Mesmo com todas as tentativas de destruição, Claret continuava ileso, sempre escapando das ciladas e continuando sua missão sem permitir interferências que o fizessem desistir. Foram tão fortes os episódios de perseguições, tão agressivas as oposições e atentados, que a rainha da Espanha, Isabel II, acabou intervindo e o retirou daquelas terras, fazendo-o seu confessor. Porém, a calmaria não estava nos caminhos desse missionário. Claret, inserido na corte espanhola, continuou como um agente transformador. Seus posicionamentos firmes, que modificariam o comportamento e as ações da monarca, tornando-a uma pessoa melhor, provocaram uma reviravolta política, culminando num golpe revolucionário que destronou e exilou Isabel II na França. Os liberais e revolucionários, em geral, promoveram uma campanha maciça de calúnias e insultos contra os soberanos espanhóis e contra aquele que sabiam ser o responsável pelas atitudes da rainha. Foi Claret, portanto, quem provocou pelo seu zelo apostólico esse terremoto político na Espanha, ao mesmo tempo em que desempenhava uma obra insigne como missionário em todo esse país.

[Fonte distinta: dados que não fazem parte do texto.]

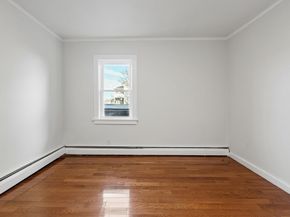 5 Mcfarland Ct, Worcester MA 01604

A vida de Santo Antônio Maria Claret, contextualizada no século XIX, serve de inspiração e modelo para nós, que vivemos no século XXI. Um homem que em seu tempo não ficou acomodado em si mesmo, mas deixou-se modificar pelo amor de Cristo, descobriu-se como missionário. Tornou-se um agente de transformações porque ardia em caridade. Sua vida deve nos interpelar sobre o que fazemos pelo mundo para que ele seja um lugar melhor. Os fatos que Claret viveu são extremamente contemporâneos, principalmente pelo fato de observarmos episódios parecidos na atualidade, uma vez que a intolerância e a falta de observação do próprio Evangelho têm promovido condutas fortemente repreensíveis por parte de muitos que se dizem cristãos. 

Num tempo que se abria aos caminhos da industrialização, ele se descobriu como missionário, antepondo as exigências do Evangelho aos normais atrativos que podia oferecer uma vida cômoda. Sua arma foi a Palavra de Deus, vivida e anunciada como mensagem de salvação para todos. Difundiu-a por meio de publicações, catequeses e pregações, convencido de que nela se encontra o consolo para os tristes, a fortaleza para os débeis, a saúde para os doentes, o perdão para os pecadores. A partir da oração contínua, do estudo e da vida de piedade, ele se converteu num autêntico evangelizador, primeiro na sua Catalunha natal, depois nas ilhas Canárias, para fazê-lo mais tarde, já como arcebispo, em Cuba e na Espanha.

Direitos humanos, tecnologia, ecologia e política foram veias pelas quais o “santo de todos” injetou o Evangelho para transformação da sociedade e conversão dos corações. Essa disponibilidade para o ministério da Palavra sem fronteiras, guiado por razões de urgência, oportunidade e eficácia ao serviço do Reino de Deus, é uma característica do ser missionário em Santo Antônio Maria Claret que ele nos deixou como herança. 

Não há como pôr em dúvida que a eficácia desse santo missionário no seu apostolado se deveu em boa medida à sua entrega à Virgem Maria, a quem tudo consagrou, de cujo coração imaculado ele foi desde a mais tenra infância um grande devoto e de onde aprendeu sua atitude contemplativa no acolhimento da Palavra, sua caridade e simplicidade ao transmiti-la e sua adesão cordial ao plano misericordioso de Deus, que o levou a estar junto dos pobres e necessitados na força revolucionária do amor que de lá emana.

Hoje, os missionários claretianos, os Filhos do Imaculado Coração de Maria, continuam sendo portadores da mensagem profética de esperança, unidos a tantos homens e mulheres, pelo Espírito que animou Claret, com a linguagem do coração, propondo à família humana, tão ferida nos seus valores e aspirações mais profundas, a ternura e o afeto. Como Maria, conservar cuidadosamente “todas estas coisas em seu coração” (Lc 2,19), a fim de reconhecer os vestígios do Espírito de Deus nos momentos da história.